Jeśli chcesz wiedzieć, kim jesteś, zawalcz o swoje miejsce na świecie.

Kirke długo nie wiedziała, kim jest. Urodziła się wśród bogów, lecz była dla nich zbyt mało potężna. Zbyt mało piękna. Zbyt mało okrutna. Wszyscy myśleli, że nie ma żadnej mocy. Lecz kiedy spotkała pierwszego śmiertelnika, stało się jasne, że drzemie w niej siła, która może zagrozić wszystkim bogom. A wtedy zaczęli się bać.

Kirke musiała zapłacić za ich strach. Odtrącona przez bogów i ludzi była zmuszona sobie radzić sama.
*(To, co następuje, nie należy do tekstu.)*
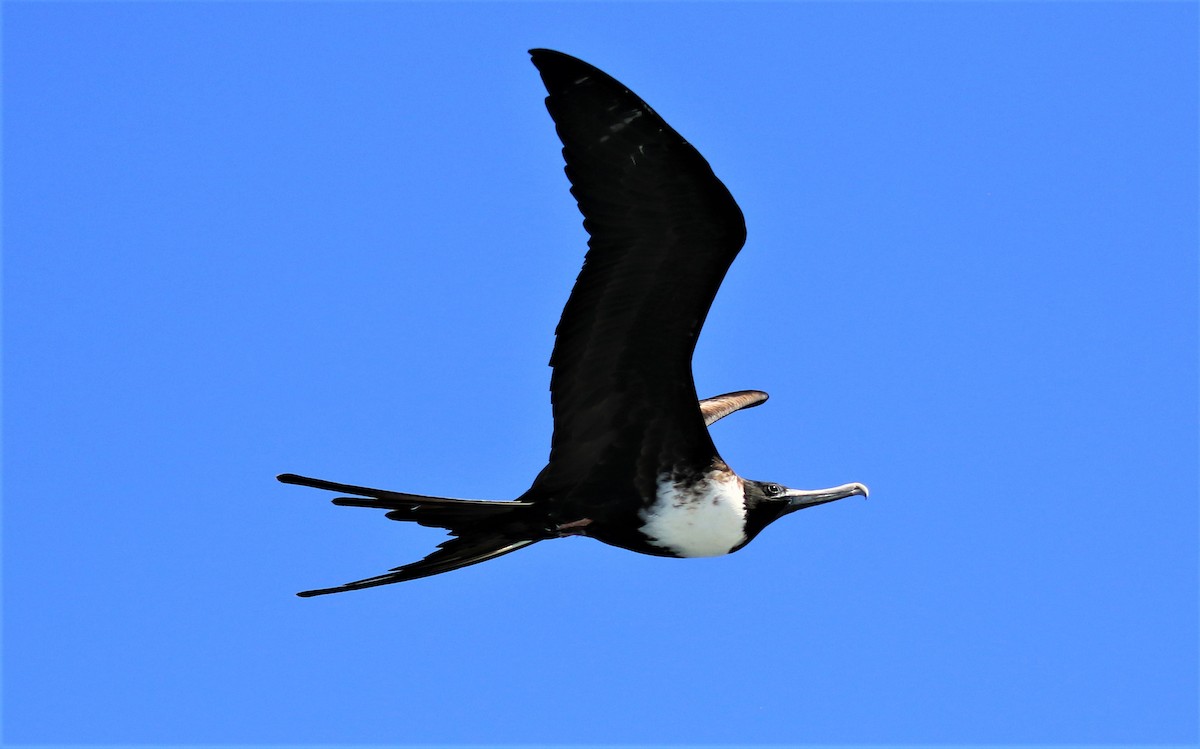 Magnificent Frigatebird - ML615910464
Kolejne próby, przed którymi postawił ją los, przygotowywały ją do tej najważniejszej. Aby ochronić to, co kocha, Kirke będzie musiała zebrać wszystkie siły i zdecydować raz na zawsze, czy należy do bogów, z których się urodziła, czy do śmiertelników, których pokochała.

Moja ocena: Dobra (***)

Moja pierwsza recenzja w nowym roku, choć ta mitologiczna podróż była ostatnią, jaką odbyłam w roku 2020. Dawniej uwielbiałam mitologię grecką i rzymską. Z czasem to uwielbienie osłabło, ale wciąż z rozrzewnieniem wspominam te czasy. Za sprawą „Kirke” poznajemy nieco inne oblicze tytanów, bogów i śmiertelników. Świat nieśmiertelnych rządzi się własnymi prawami, ale wbrew pozorom nie różni się od ludzkiego. Wszelkie emocje są identyczne: od miłości do nienawiści.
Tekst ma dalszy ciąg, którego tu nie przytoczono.